BEGIN Listed records

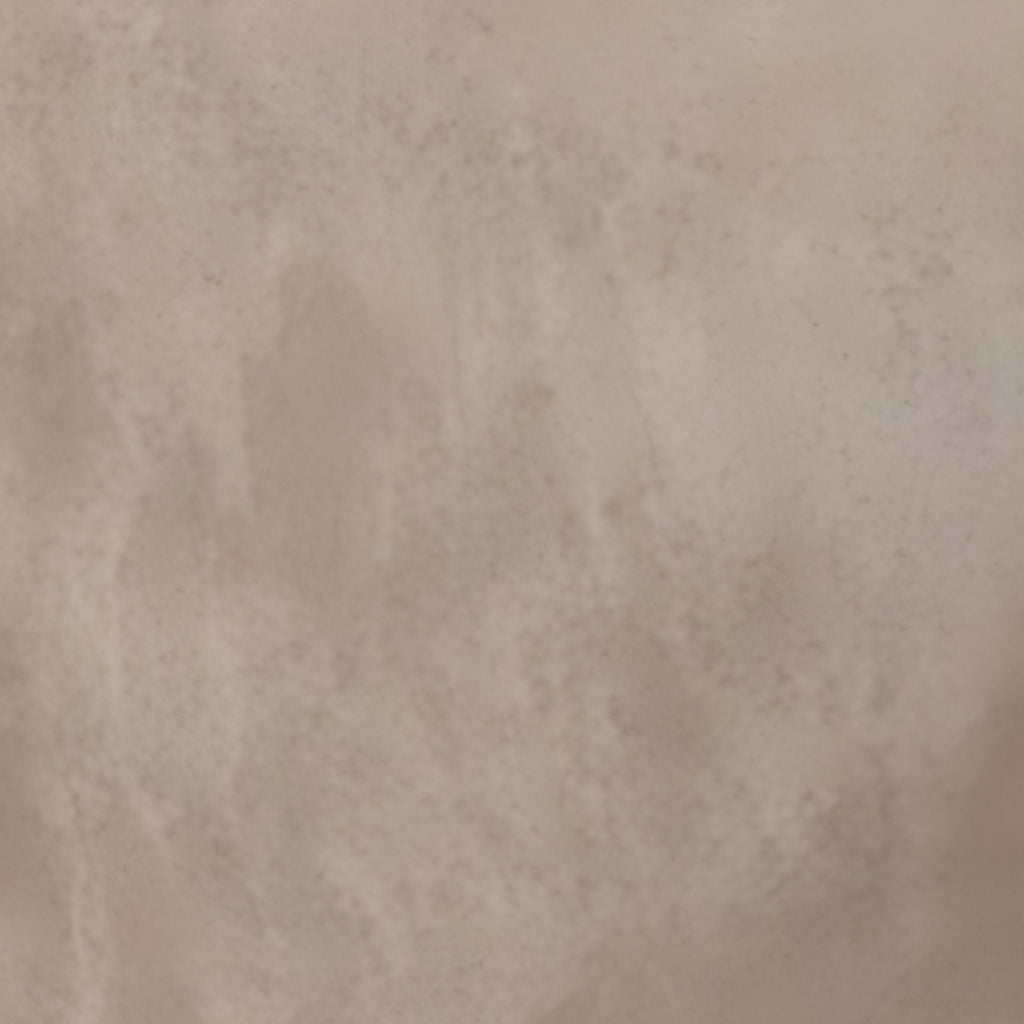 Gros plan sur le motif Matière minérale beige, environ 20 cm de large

END Listed records
BEGIN Listed records

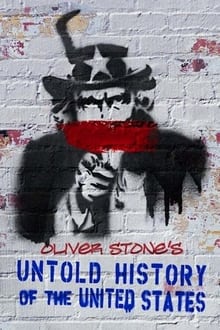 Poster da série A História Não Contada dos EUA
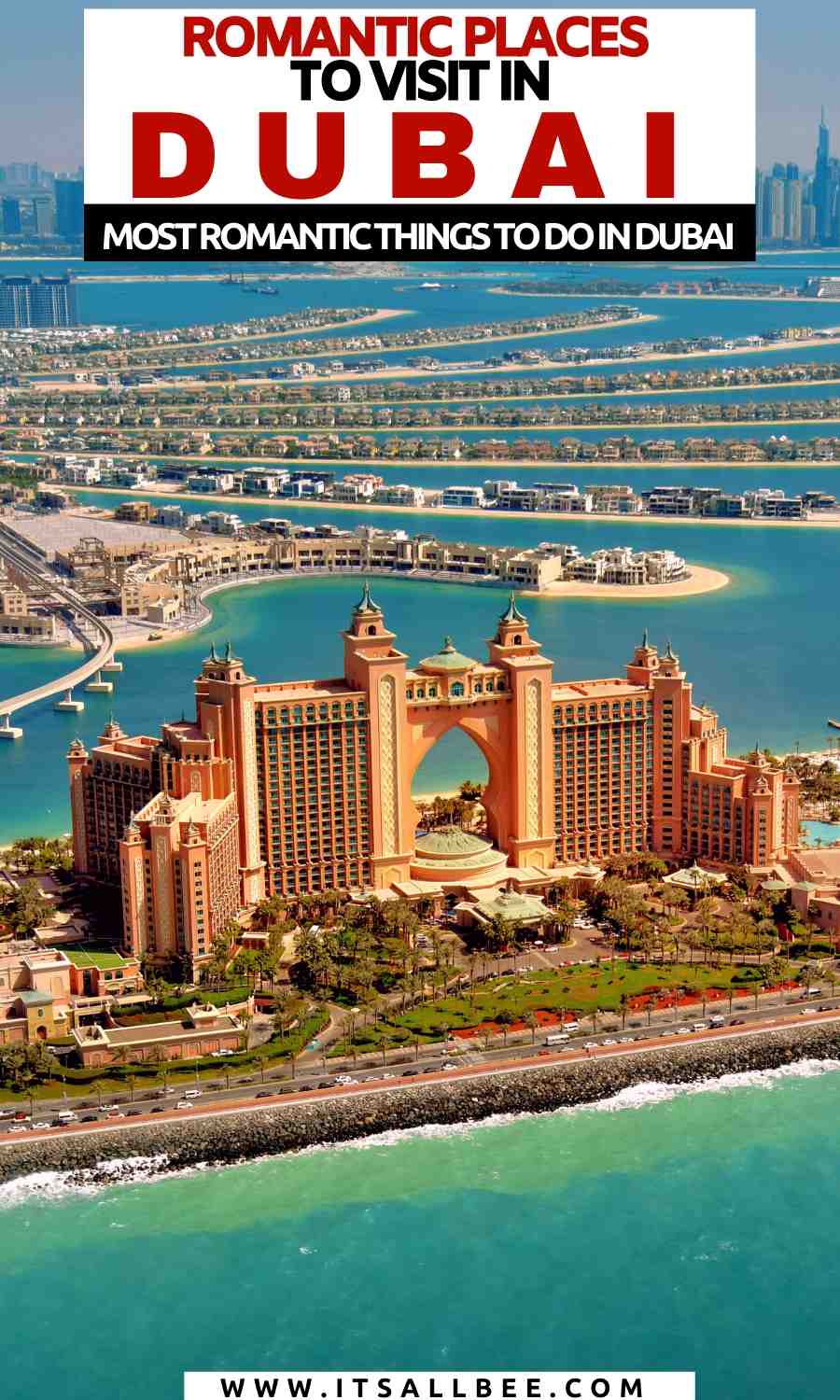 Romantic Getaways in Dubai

END Listed records

- _Directions_
Copy exactly the part of the material above that opens with the line containing "Poster da série" and closes with the line containing "Romantic Getaways in Dubai", ends included. Drop the images.

- _Solved exercise_
 Poster da série A História Não Contada dos EUA
 Romantic Getaways in Dubai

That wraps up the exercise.